- Directed by: Ronwaldo Reyes; Augusto Salvador;
- Screenplay by: Pablo S. Gomez; Manuel Buising;
- Produced by: Fernando Poe Jr.
- Starring: Fernando Poe Jr.
- Cinematography: Ver Reyes
- Edited by: Augusto Salvador
- Music by: Jaime Fabregas
- Production company: FPJ Productions
- Distributed by: Viva Films
- Release date: July 16, 1997;
- Running time: 112 minutes
- Country: Philippines
- Language: Filipino

= Eseng ng Tondo =

Philippine biographical action film

Eseng ng Tondo (lit. Eseng of Tondo) is a 1997 Philippine biographical action film directed by Fernando Poe Jr. (who produced the film) under the moniker Ronwaldo Reyes and Augusto Salvador (who edited the film).
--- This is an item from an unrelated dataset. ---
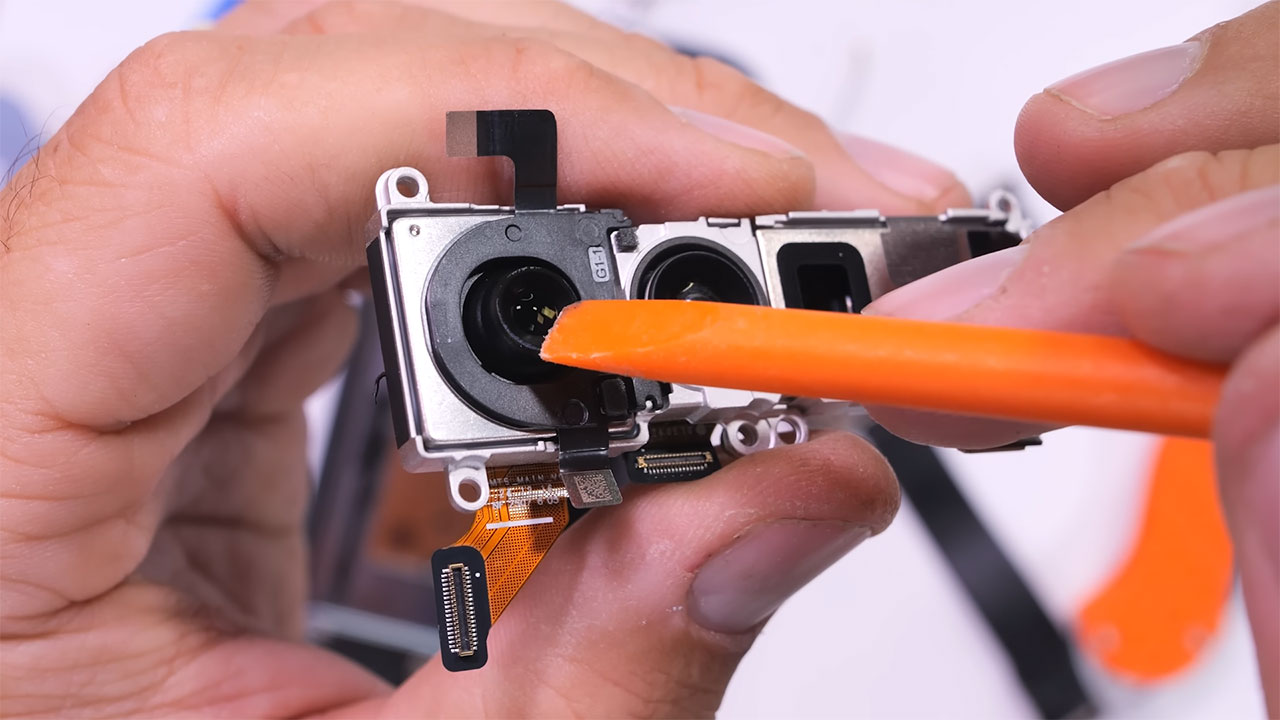 google pixel 10 pro xl teardown 19 کالبدشکافی گوشی Pixel 10 Pro XL گوگل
The film, based on the life of Lt. Eusebio Natividad, known as Eseng 45, stars Poe as the titular policeman.

==Plot==
Lt. Eusebio Natividad, known as Eseng 45, is known for his honesty, fair judgment and incredible marksmanship, which wins him admirers, but also earns him enemies who want him dead. His encounter with various women who usually serve as his informers, such as Elvie, who owns a nightclub, earns the jealousy of his wife Digna.

==Cast==
- Fernando Poe Jr. as P/Lt. Eusebio "Eseng" Natividad
- Ina Raymundo as Elvie
- Jenny Syquia as Digna
- Chuck Perez as Dado
- Mandy Ochoa as Chito

== Production ==
The film was edited by Augusto Salvador, a frequent collaborator of Poe Jr.